Provided support for Department of Energy (DOE) remediation managers at the Savannah River Site in Aiken, South Carolina. This site is a premier Department of Energy sites with regard to the introduction of innovative technologies to address environmental problems. Based on the data generated by SBRP-funded studies, the DOE at Savannah River has embraced phytoremediation as a potential solution to many of its problems. Currently, work is underway to remediate a 700 hectare TCE plume containing approximately 1.5 million pounds of TCE. The DOE has instituted a phytoremediation pilot study to determine if this technology can help in treating this plume.
In addition to field-scale trials and applications, these researchers are working to increase the catabolic activity of plants against trichloroethylene and other halogenated aliphatic hydrocarbons. Their goal is to develop transgenic plants capable of significantly higher rates of metabolism of specific contaminants. By introducing a mammalian gene (cytochrome P450) into tobacco plants, they have engineered plants with profoundly increased rates of TCE metabolism. The gene raises enzyme levels to such an extent that the plants removed approximately 600 times the amount of the contaminant as non-transformed plants. Drs. Gordon and Newman are also exploring the potential of using gene sequence information to identify plant P450s for incorporation of other species to increase levels and rates of TCE metabolism. Use of a plant-derived P450 will likely increase public acceptance.

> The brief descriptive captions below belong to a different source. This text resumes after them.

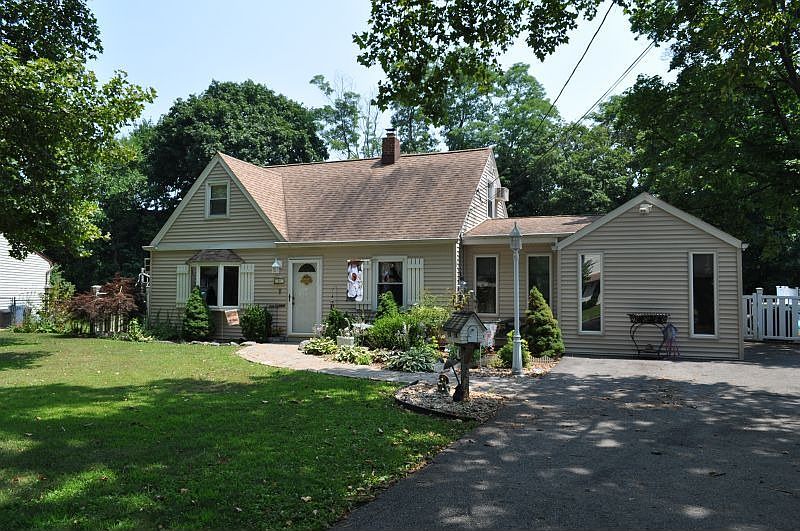 90 Village Rd, Pompton Plains, NJ 07444 Zillow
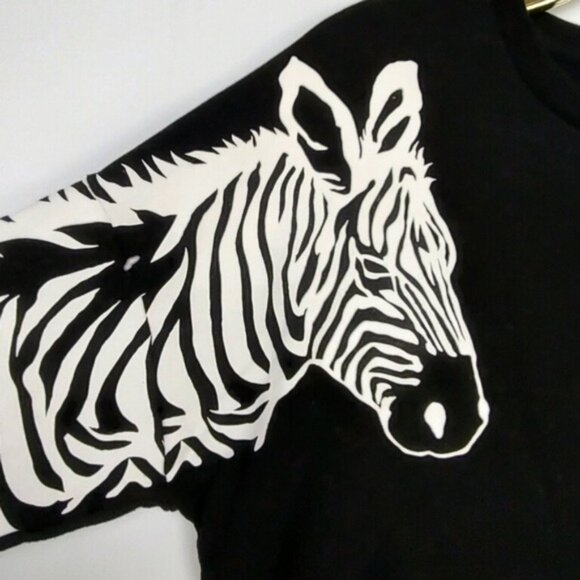Zebra Sweatshirt Graphic Pullover - Picture 4 of 7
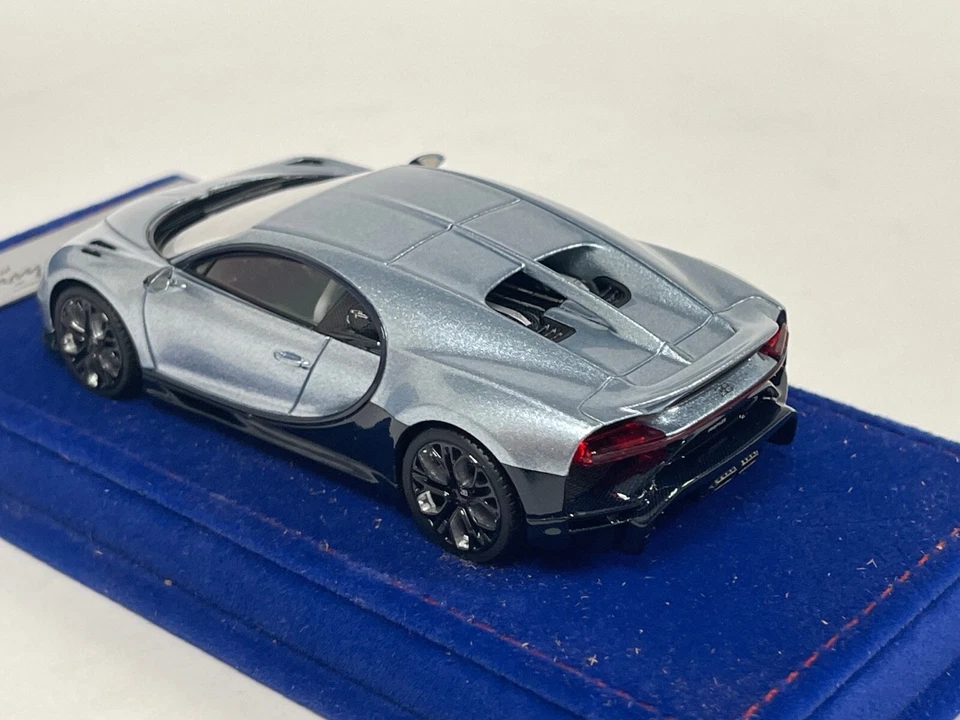1/43 Looksmart BUGATTI Chiron Profile Argent Atlantique blue Suede Base LS545A - Image 2 of 4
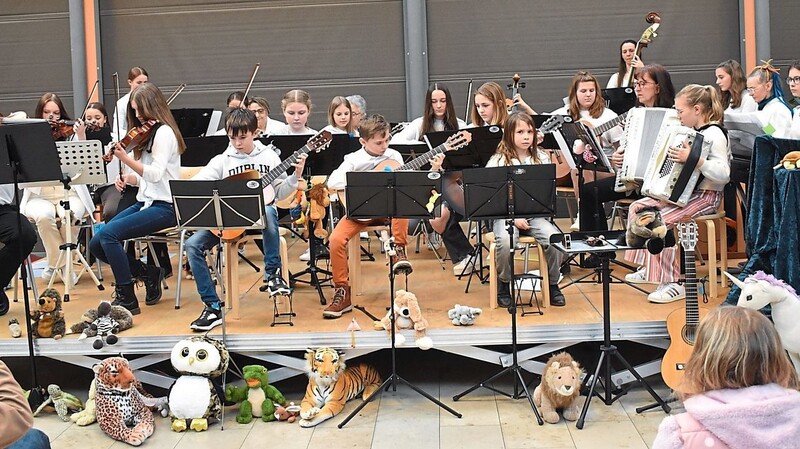 Das Orchester bestand aus Kindern und Jugendlichen der Musikwerkstatt und ihren Lehrkräften.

It is important to note that all SRP-funded research on transgenic plants is in laboratory or greenhouse stages. No transgenic plants have been introduced into the environment. SRP will ensure that all proper prior approvals are obtained and all appropriate procedures are in place before any SRP-funded field trials are conducted with genetically modified plants.
In a paper published in the "Proceedings of the National Academy of Sciences" (October 23, 2007), Drs. Stuart Strand and Sharon Doty report their research that focuses on the transformation of the hybrid poplar with a vector containing the rabbit cytochrome P450 2E1, which is a key enzyme in the metabolism of a variety of halogenated compounds. The resulting plants over-express cytochrome P450 2E1.

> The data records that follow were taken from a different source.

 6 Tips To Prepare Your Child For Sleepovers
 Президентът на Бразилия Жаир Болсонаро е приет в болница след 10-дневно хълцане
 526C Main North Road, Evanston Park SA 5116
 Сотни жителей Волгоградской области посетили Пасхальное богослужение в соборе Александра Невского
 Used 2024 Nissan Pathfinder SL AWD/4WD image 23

In laboratory studies, where the apical stem cuttings were exposed to TCE, scientists found that CYP2E1-containing transgenic cuttings had average rates of TCE metabolism nearly 45-fold greater than control cuttings. Two of the CYP2E1 transgenic lines had TCE metabolism rates that were more than 100-fold higher than the controls. The transgenic cuttings grew normally and did not display any adverse reaction to the TCE or its metabolites.
Drs. Strand and Doty then conducted studies to determine if the increased metabolism of TCE in the poplar cuttings led to increased uptake from solution and/or air. They found that while control cuttings removed <3% of the TCE from hydroponic solution, the CYP2E1 transgenics removed 51% to 91%. When exposed to contaminants in the air, the transgenic plants also demonstrated increased uptake. The CYP2E1 plants removed 79% of the TCE from the air, while control plants did not show any statistically significant uptake of TCE. In two weeks, the control plants removed an average of only 13% of benzene from air, while two CYP2E1 plant lines removed 36% and 46%.
The SRP researchers believe that this work represents the first development of transgenic trees for increased removal of a broad range of serious environmental pollutants from water and air. Additional studies are needed to verify efficacy under field conditions and to ensure that plant tissues do not cause unacceptable impacts on non-target organisms.